Haplophyton cimicidum auct. non A. DC.
Family: Apocynaceae
Haplophyton cimicidum image
Kearney and Peebles 1971, McLaughlin 1994, Wiggins 1964

Common Name: cockroachplant

Nativity: Native

Lifeform: Subshrub

General: Subshrubs, 20-60 cm tall; stems bright green, sometimes white, gray, or light tan with age, branched, often woody at the base, lightly pubescent.

Leaves: Leaves mostly alternate, short-petiolate; blades bright green, lanceolate, sparsely hirsute, 2-4 cm long.

Flowers: Yellow or sometimes blue, solitary or in clusters of 2 or 3 at branch tips; generally with 5 petals which pinwheel out in an overlapping whorl from the end of the corolla tube, corolla tube 6-9 mm long, pubescent externally.

Fruits: Pair of elongated follicles (capsules that split apart along a single suture line) bearing long, slender, black seeds, the seeds with a deciduous tuft of long white hairs at the tips.

Ecology: Found on rocky and gravely slopes, often in canyons, from 2,000-4,500 ft (610-1372 m), flowers July-October.

Distribution: s AZ, s NM, sw TX; south to c MEX.

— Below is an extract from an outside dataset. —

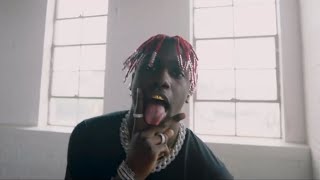 Lil Yachty  Go Krazy Go Stupid Freestyle Music Video [upl. by Aldercy]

Notes: Distinguished by being a semi-short erect perennial subshrub to ca. 60 cm; alternate leaves (some appearing opposite at first glance) which tend to hang downward with conspicuous, white, appressed hairs aligned towards the leaf tip in straight lines; hairy, linear calyx lobes; and a showy yellow, tubular corolla with lobes overlapping and emerging from a twisted bud.

Ethnobotany: Contains alkaloids used as an insecticide to cockroaches, flies, fleas, lice and mosquitos.

Etymology: Haplophyton comes from Greek kaploos which means simple and phyton which means plant; cimicidum is from the Latin cimex (bug), and -cide from the Latin caedere (to kill), referring to the plant-s use as an insecticide.